The conflict: Nick has neglected to tell Rachel that he and his family are the veritable Kardashians of Singapore.
The resolution: It all works out.
The boy-meets-girl, boy-loses-girl, boy-wins-girl-back plot is not a new one.
But this is not a movie about a boy and a girl. This is a movie about relationships between women. The plot line is classic, but the romantic reconciliation at the end of the film does not celebrate the fact that romance—or love, true love (please imagine the priest from The Princess Bride)—has triumphed. It celebrates women.
Rachel is an economics professor at NYU. The base pay for this is over 200K (according to Glassdoor.com). But her potential mother-in-law Eleanor (Michelle Yeoh), with a boatload of vitriol, tells her that she will not be enough for the legacy of the Young family. This drama is at the center of the plot. You can imagine how the rest goes: disastrous bachelorette party, serious talk between groom-to-be and best man, montage scene with dresses, etc.
Let’s skip to the end. Surprisingly, the climax does not take place in the (inevitable) proposal. The real win is in a scene when Rachel shows her intelligence, her prowess, and her strength, despite her less-than-Kardashian status, in a game of Mahjong. She’s not a professor at NYU for nothin’.

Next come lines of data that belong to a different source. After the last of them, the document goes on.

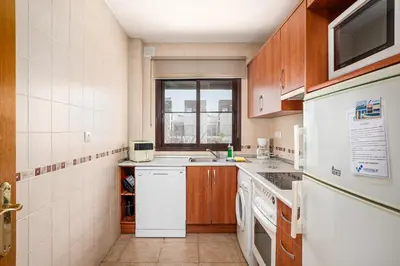 a kitchen with a white refrigerator and a sink at Apartamento familiar muy soleado cerca de la playa y parking incluido in Chiclana de la Frontera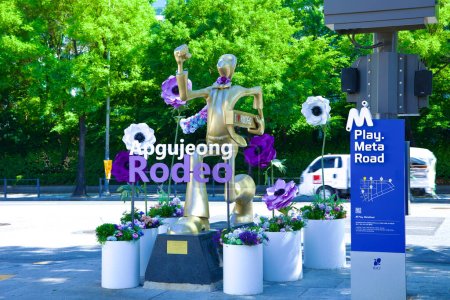 Foto de Seúl, Corea del Sur - 2 de junio de 2023: El dinámico cartel de Apgujeong Rodeo con una escultura de hombre dorado en un traje, rodeado de flores rosas y púrpuras, encarna la elegante esencia de la zona. - Imagen libre de derechos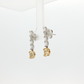 one-of-a-kind-matching-set-of-fancy-intense-yellow-cushion-cut-diamond-dangle-earrings-in-white-gold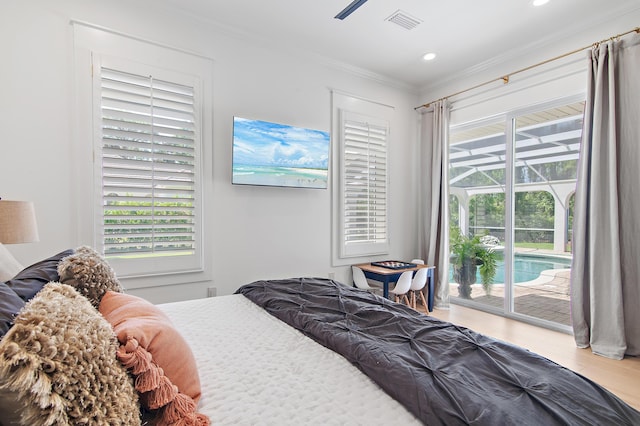 4564 Nautical Ct, Destin, FL 32541 - bedroom with access to exterior, ornamental molding, wood finished floors, and recessed lighting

The rich side plots continue the feminist theme. Just one example: Nick’s cousin Astrid, (Gemma Chan), discovers her husband (Pierre Png) is having an affair. The resolution involves Astrid telling her husband that she is not responsible for making him feel like a man: a direct attack on male fragility. Whoa.
The film is a tour-de-force because its focus is on powerful women who reject a standard patriarchal narrative. Crazy Rich Asians is a classic romcom that explicitly rejects the misogynistic principles of romcoms.
Go see it.
PS: It’s based on the book by Kevin Kwan. You should probably read it too.